Antrag auf Alternativplanung: Sorge um Stillstand beim Munitor-Projekt

Vorgetragen wurde der Antrag im Namen der vier Stadtratsfraktionen von Wolfgang Kreil (CSU). Er begründete das Anliegen damit, dass seit längerer Zeit keine erkennbare Aktivität mehr von Seiten der Munitor-Gruppe zu beobachten sei – weder Baufortschritte noch Immobilienankäufe. Auch fehle es an Kommunikation mit dem Stadtrat, sowohl zur „Neuen Mitte Selb“ (BA 2) als auch zum restlichen Teil des Outlet Center-Projekts (BA 1). Die öffentlich sichtbare Dynamik des Projekts sei „verloren gegangen“, so Kreil. Der anfängliche Schwung sei verpufft, selbst im fertiggestellten Teil fehle dieser gänzlich

Kreil stellte klar: „Wir haben große Zweifel an der grundsätzlichen Realisierbarkeit des ganzen Projekts.“ Der Antrag solle sicherstellen, dass die Stadt ab dem Jahr 2027 – wenn rechtlich neue Planungen möglich werden – nicht unvorbereitet sei, sondern eigene Alternativen in der Schublade habe.

Auch andere Fraktionsvertreter – darunter Walter Wejmelka und Kai Hammerschmidt (beide SPD) – unterstützten diese Sichtweise. Man wolle sich nicht in die jetzige Planung „einmischen“, sondern lediglich für einen möglichen Plan B gewappnet sein. Hammerschmidt forderte zudem, dass der Investor Patrick Müller von der Munitor-Gruppe den Stadtrat über den Stand der Dinge informieren solle.

 

Anneliese Schade: „Ein fataler Fehler – Stadt und OB arbeiten sehr wohl aktiv“

Anneliese Schade reagierte für die Fraktion der Aktiven Bürger Selb entschieden auf den Antrag. In einer ausführlichen Stellungnahme wies sie die zentrale Argumentation zurück – und verteidigte sowohl den Oberbürgermeister als auch die Verwaltung. Sie sprach von einem „Versuch, die Bevölkerung zu verunsichern“ und einem „grundlosen Vorwurf der Untätigkeit“ gegenüber Rathaus und Stadtspitze.

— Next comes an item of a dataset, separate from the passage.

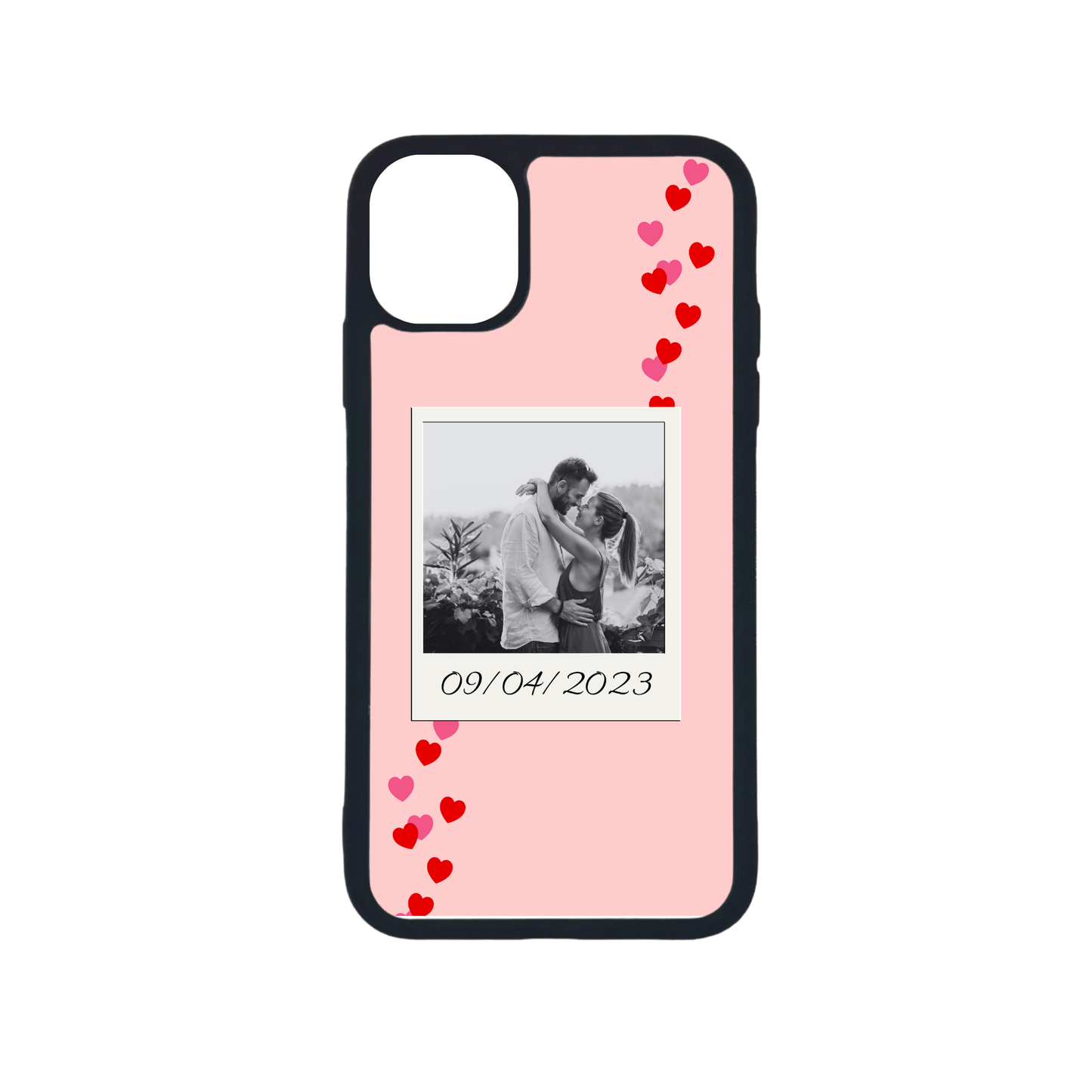 Custom Polaroid Telefoonhoesje - Micaso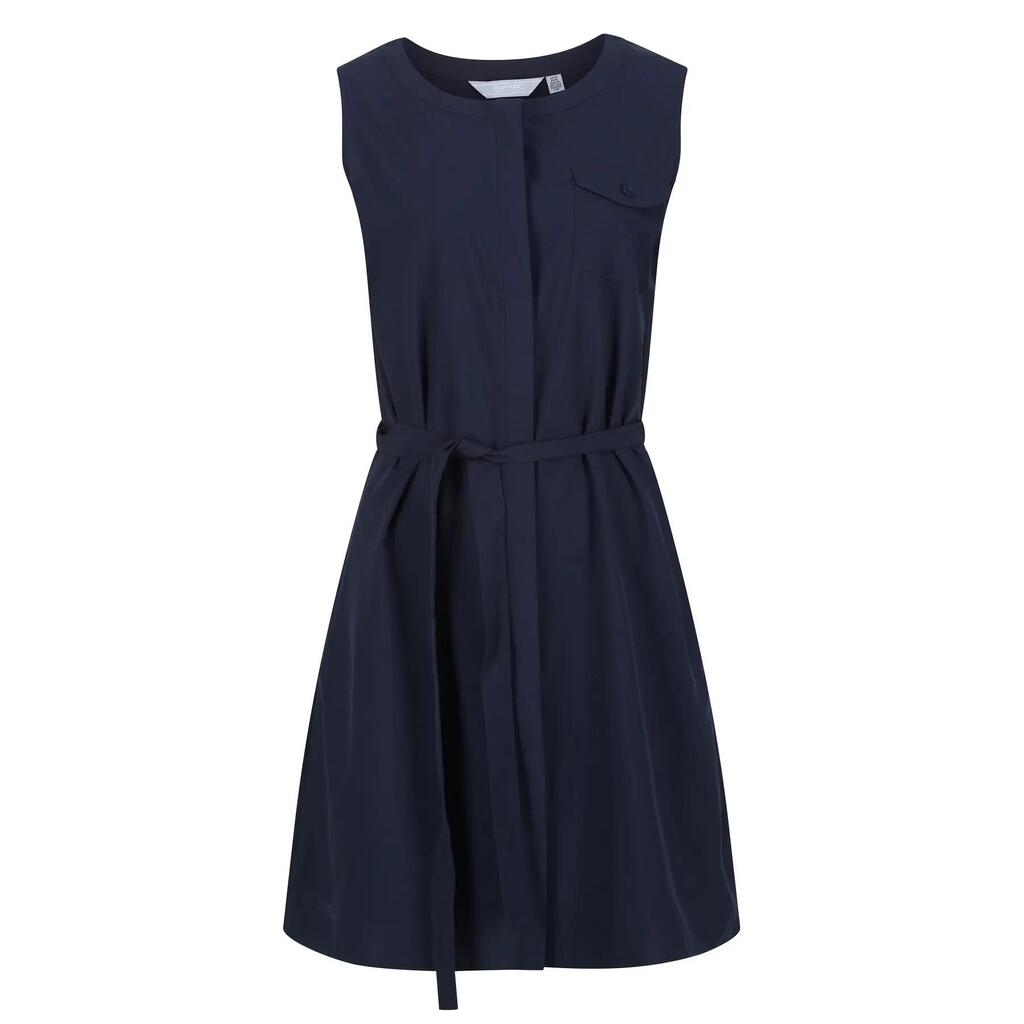 Sleeveless shirt dress for women Regatta Highton Stretch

Schade erinnerte an die Sitzung des Haupt- und Finanzausschusses vom 21. Mai 2025, in der Oberbürgermeister Ulrich Pötzsch die rechtlichen Rahmenbedingungen ausführlich dargelegt hatte.
Für den Bauabschnitt 1 existiere ein rechtsgültiger städtebaulicher Vertrag, dessen Laufzeit bis 2028 reiche. Weder eine Kündigung nach §15, noch eine Änderung oder Aufhebung des Bebauungsplans Nr. 205 FOC gemäß §3 des Vertrags sei aktuell möglich. „Somit ist eine Veränderung derzeit ausgeschlossen“, so Schade.

Darüber hinaus wies sie darauf hin, dass sämtliche bisher getätigten Dienstleistungen – Planungen, Gutachten etc. – weiterhin nutzbar seien, auch für Drittinvestoren. Einem zentralen Vorwurf der Antragsteller hielt sie entgegen: Die Stadt habe sehr wohl Ideen und Pläne zur Nachnutzung entwickelt – viele davon würden bereits in späteren Tagesordnungspunkten behandelt.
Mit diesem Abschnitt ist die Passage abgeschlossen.